What You Can Learn about Setting from Classic Sitcoms
Start with three basic sets

Giving your novel a strong sense of place is vital to doing your part to engage the readers without confusing or frustrating them. Setting is a big part of this (though not the whole enchilada — there is also social context and historic period), and I often find writing students and consulting clients erring on one of two extremes.
Either: Every scene is set in a different, elaborately-described place from the last. This leads to confusion (and possibly exhaustion and impatience) for the reader, because they have no sense of what they need to actually pay attention to for later and what’s just…there. Are the details of that forest in chapter 2 important? Will I ever be back in this castle again? Is there a reason for this character to be in this particular room versus the one she was in the last time I saw her? Who knows!
Or: There are few or no clues at all as to where the characters are in a scene. What’s in the room? Are they even in a room? Are there other people in th — ope, yes, there are, someone just materialized, what is happening? This all leads to the dreaded “brains in jars” syndrome. That is, characters are only their thoughts and words, with no grounding in the space-time continuum. No one seems to be in a place, in a body, at a time of day.
Everything aspect of writing a novel comes with its difficulties, and there are a lot of moving pieces to manage and deploy in the right balance. When you’re a newer writer, especially, there’s something to be said for keeping things simple until you have a handle on how to manage the arc and scope of a novel-length work. And whether you tend to overdo settings or underdo them, you can learn something from TV, especially classic sitcoms.
Your basic “live studio audience” sitcoms are performed and filmed on sets built inside studios vs. on location. This helps keep production expenses in check and helps the viewer feel at home — there’s a reliable and familiar container to hold the story of any given episode. The writers on the show don’t have to reinvent the wheel with every script.
Often, a show will have no more than two or three basic sets that are used episode to episode, and then a few other easily-understood sets (characters’ workplaces, restaurants, streets scenes) are also used regularly but not every episode. For example:
Friends: The girls’ apartment, the guys’ apartment, and Central Perk.
Frasier: Frasier’s apartment, the radio studio, and the coffee shop.

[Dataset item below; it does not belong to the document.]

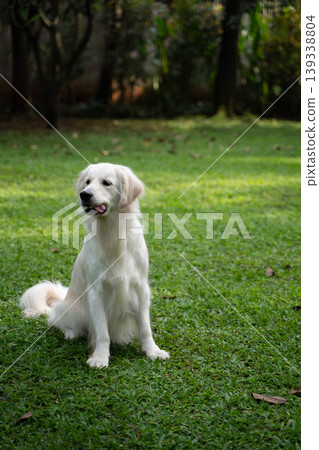 一隻金毛犬坐在草地上 / 與狗在大自然中的生活 一隻金毛犬坐在草地上 / 與狗在大自然中的生活 139338804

Cheers: Basically it’s all at the bar, though there is the bar area and then Sam’s office or other non public areas of the bar.
King of Queens: Doug and Carrie’s house, Doug’s workplace, Carrie’s workplace.
30 Rock: Liz’s office, the writer’s room, the halls and lobby of 30 Rock.
You get the idea! You can do the same exercise with one-hour procedurals, dramas, and even reality shows.
Now, obviously, a novel is not a sitcom. A novel is not TV or film at all. We aren’t limited by budget or production logistics, and we have the luxury of designing any setting we want to. Elaborate, chic, run down, big, small, scary, real, or fantastical. We can do anything we want with the simple marriage of words and imagination.
But, you’ll do yourself and your readers a big favor by limiting in some way the number of settings you use. You want to build a world that readers can comprehend, follow, and start to feel familiar in so that they’re more invested in what your characters are up to than trying to keep track of where your characters are.
Especially if you’re newer to the craft, thinking in terms of three basic “sets” for your novel can help you keep a handle on it. You can “build” each set once in your notebook or draft and bring your characters there as the story dictates.
In realism, this might look like: home, workplace, and some third location like a park, favorite restaurant, friend’s house, or school. For fantasy, maybe this is a particular chamber in a castle, a part of the forest, and the village pub. In a thriller or procedural, the detective’s (or villain’s) vehicle might be one of the sets along with the station or office and the crime scene or scenes.
For those who tend to overwrite setting, giving yourself a limit or three or four primary locations can help provide needed structure. If you underwrite setting, spending some time building a few places in your notebook and making sure your characters are always clearly in a place not just disembodies thoughts and voices.
An Exercise
Next time you’re watching a favorite show, notice which sets and locations recur episode to episode, and how often (or seldom) one-time settings are used. Notice how the locations interplay with storyline and if and how the settings may even do some of the storytelling work.
For example, when the friends on Friends are at Central Perk, recurring and one-time characters can show up in a way they wouldn’t in the apartments. Procedurals are more likely to have single-use sets as they relate to a given investigation, but you’ll still often see them back at the station, the office, the courtroom, the patrol car.
Comedies will tend to use their familiar interiors and then maybe mix them up with street or public settings as the story requires, but they’ll always wind up back in a familiar place throughout the episode.
Have fun with it and think about three or four settings you can put to good use in your novel without losing control of the story — or the interest of the reader.